JAKARTA – Demokrasi adalah mata rantai yang sangat digadang-gadang oleh masyarakat Indonesia. Hadirnya demokrasi sebagai suatu sistem yang diharapkan menjamin partisipasi, transparansi, dan akuntabilitas itu nyatanya masih jauh dari pilar-pilar penggerak mesin demokrasi yakni parpol (Partai Politik)

Dalam FDA ( Forum Diskusi Aktual) yang diselenggarakan oleh Bidang Politik Pusat Otonomi Daerah, Politik, dan Pemerintahan Umum BPP Kemendagri pada Rabu, (13/04) hadir narasumber Siti Zuhro dari LIPI mengatakan, secara eksternal parpol bertugas melakukan pendidikan politik, menyerap, dan mengakomodasi aspirasi rakyat. “Mengingat fungsi tersebut, parpol menjadi kunci utama yang berperan penting dalam proses demokrasi. Namun secara umum, parpol belum mampu menunjukkan pembangun diri sebagai institusi demokrasi,” ungkapnya.

Ia juga mengatakan, konsistensi para elit politik sangat rendah, sehingga tarikan kepentingan yang mengutamakan interest lebih dikedepankan daripada aspirasi masyarakat. “Ini menjadi bukti pragmatisme dan opurtunisme partai,” katanya.

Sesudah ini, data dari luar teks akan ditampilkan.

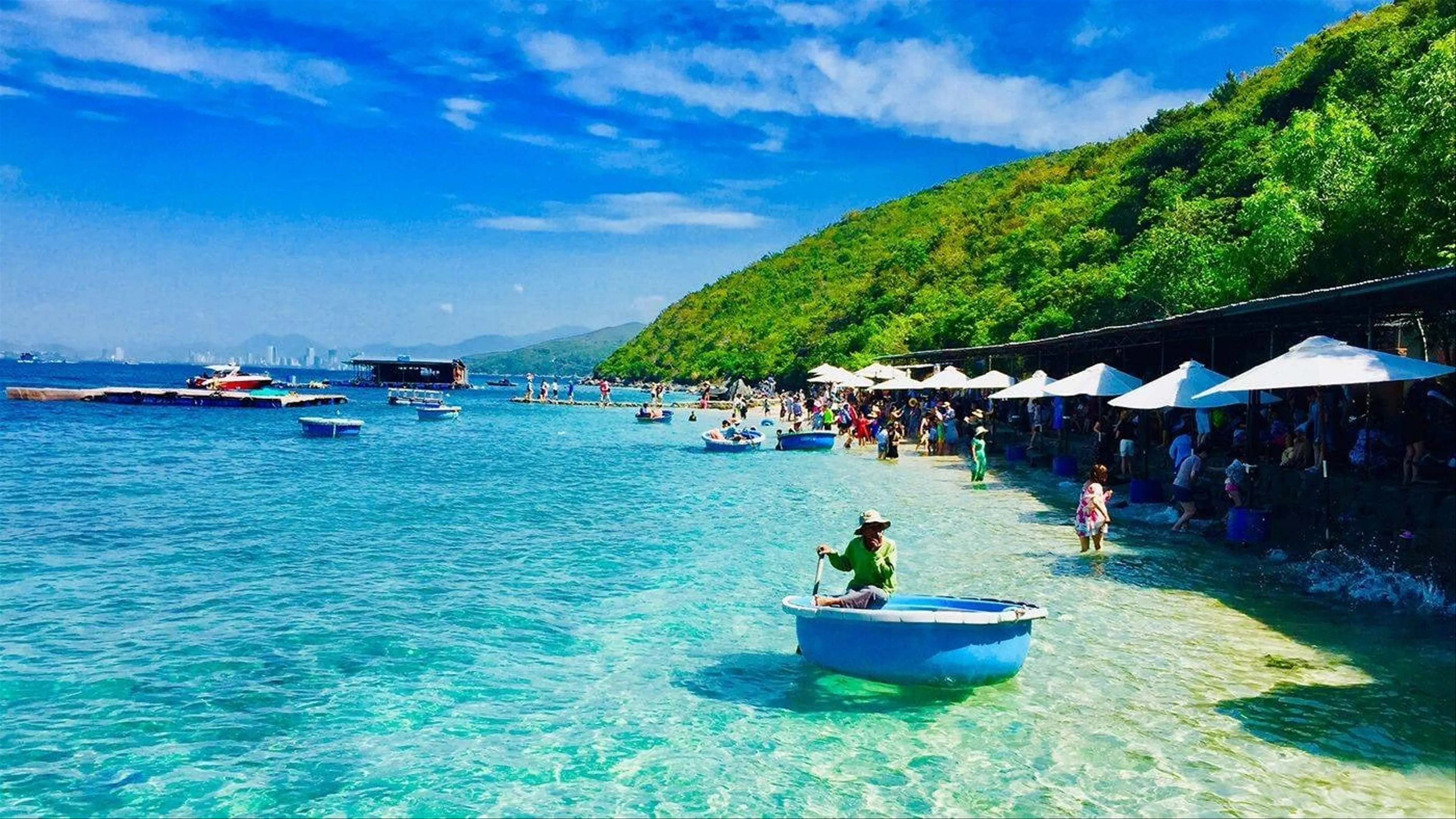 Nha Trang Tourism 2025 complete Experience of Eating, Playing, and Relaxing from A–Z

Parpol juga dinilai masih sibuk dan terjebak dalam pergulatan kepentingannya sendiri dan mengabaikan masa yang menjadi pendukungnya selama pemilu. “Sehingga tingkat kepuasan masyarakat terhadap parpol semakin tinggi, karena aspirasi dan kepentingan masyarakat tidak terwakili,” paparnya.

Gagalnya parpol melakukan terobosan-terobosan penting dalam mendorong kesejahteraan dan pemberdayaan masyarakat akan memunculkan lebih banyak komite-komite baru atau gerakan masa baru yang menuntut perubahan dan menawarkan tokoh. “Karena itu, penyederhanaan sistem kepartaian sangat relevan untuk diterapkan dalam rangka menciptakan multipartai sederhana dalam jumlah partai dan dalam pengelompokan ideologis,” ungkapnya.

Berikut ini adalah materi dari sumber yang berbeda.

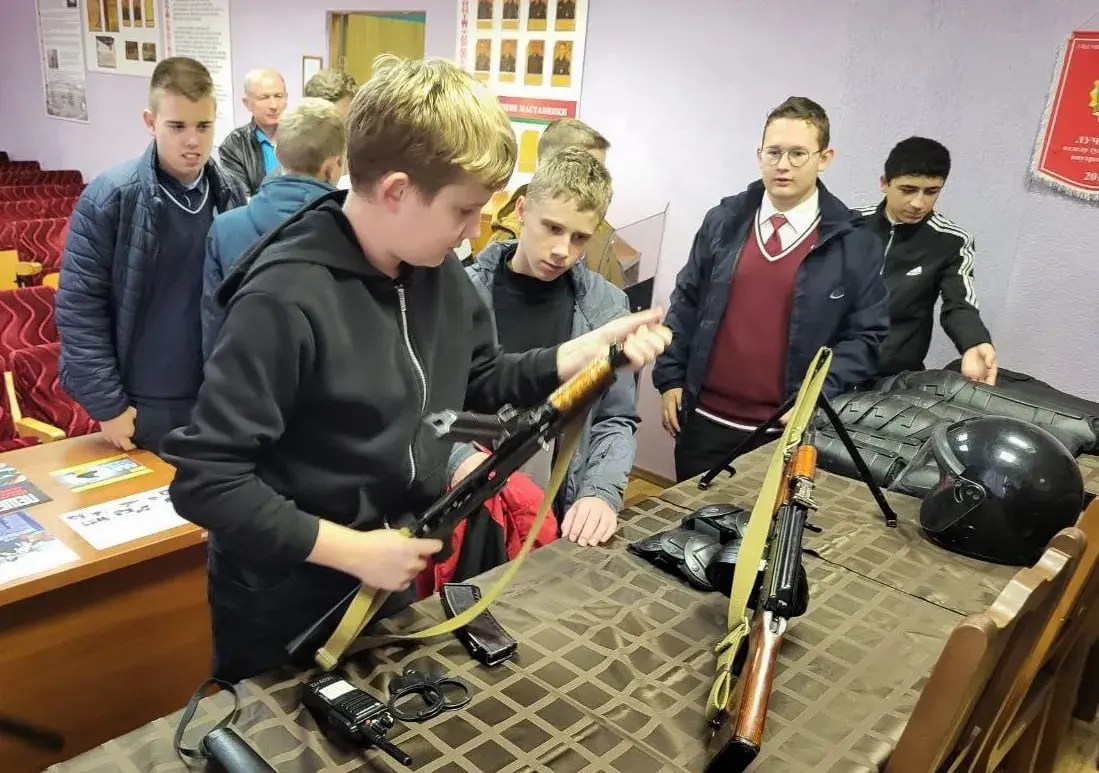 У Крупках школьнікам арганізавалі экскурсію ў камеру часовага ўтрымання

Zuhro mencontohkan, misalnya dalam pembuatan partai baru harus didirikan oleh 500 orang. “Parpol baru boleh ikut pemilu bila minimal sudah berusia 5 tahun sejak didirikan atau dibentuk. Selain itu, partai peserta pemilu juga harus menyerahkan deposit dana sebesar Rp 500 milyar kepada negara yang dititipkan melalui KPU,” jelasnya.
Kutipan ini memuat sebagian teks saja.